TITLE:
A Two-Parameter Description for the Injury Risk of Flash Bangs with Uncertainty
AUTHORS:
Hongyun Wang, Matthew Simms, George Labaria, Wesley A. Burgei, Hong Zhou
KEYWORDS:
Flash Bangs, Actual Number of Injured in a Crowd, Fluctuations in the Hidden Injury Probability, Simplified Phenomenological Models
JOURNAL NAME:
American Journal of Operations Research,
Vol.9 No.3,
May
16,
2019
ABSTRACT: We study the random injury outcome caused by multiple flash bang submunitions
on a crowd. We are particularly interested in the fluctuations in injury
outcome among individual realizations. Previously, to simulate the distribution
of the actual number of injured, we developed a comprehensive Monte
Carlo model. While the full computational model is important for thorough
theoretical investigations, in practical operations, it is desirable to characterize
the phenomenological behavior of injury outcome using a concise model
with only one or two parameters. Conventionally, the injury outcome is indicated
by the average fraction of injured, which is called the risk of significant
injury (RSI). The single metric RSI description fails to capture fluctuations in
the injury outcome.
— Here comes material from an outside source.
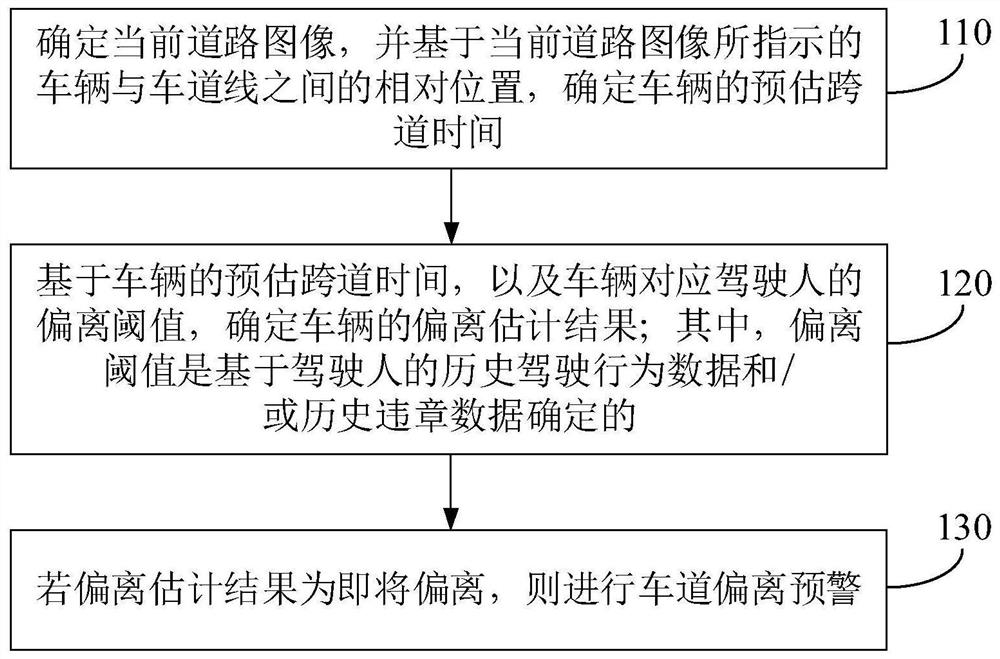 车道偏离预警方法、装置、电子设备和存储介质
The number of injured in the crowd is influenced by
many random factors: the aiming error of flash bang mortar, the dispersion
of submunitions after mortar burst, the amount of acoustic dose reaching individual
subjects, and the biovariability of individual subjects’ reactions to a
given acoustic dose. We aim to include these random factors properly and
concisely. In this study, we represent the random injury outcome as a compound
binomial model, in which the hidden injury probability is drawn from
a two-parameter model distribution. We formulate and examine six model
distributions for the injury probability. The best performer is a mixture of
uniform and triangle distributions, parameterized by (RSI, dp) where dp is
the standard deviation of the hidden injury probability. This mixture model
predicts the behavior of injury outcome with uncertainty, based solely on the
two parameters (RSI, dp) in the flash bang description. For example, we can
predict the probability of the injury outcome not exceeding a prescribed tolerance.
We advocate the adoption of this two-parameter characterization for
flash bangs to replace the single-parameter RSI description. Whenever we
need to give a high level coarse description of a flash bang situation, we state that the injury risk is represented by (RSI, dp).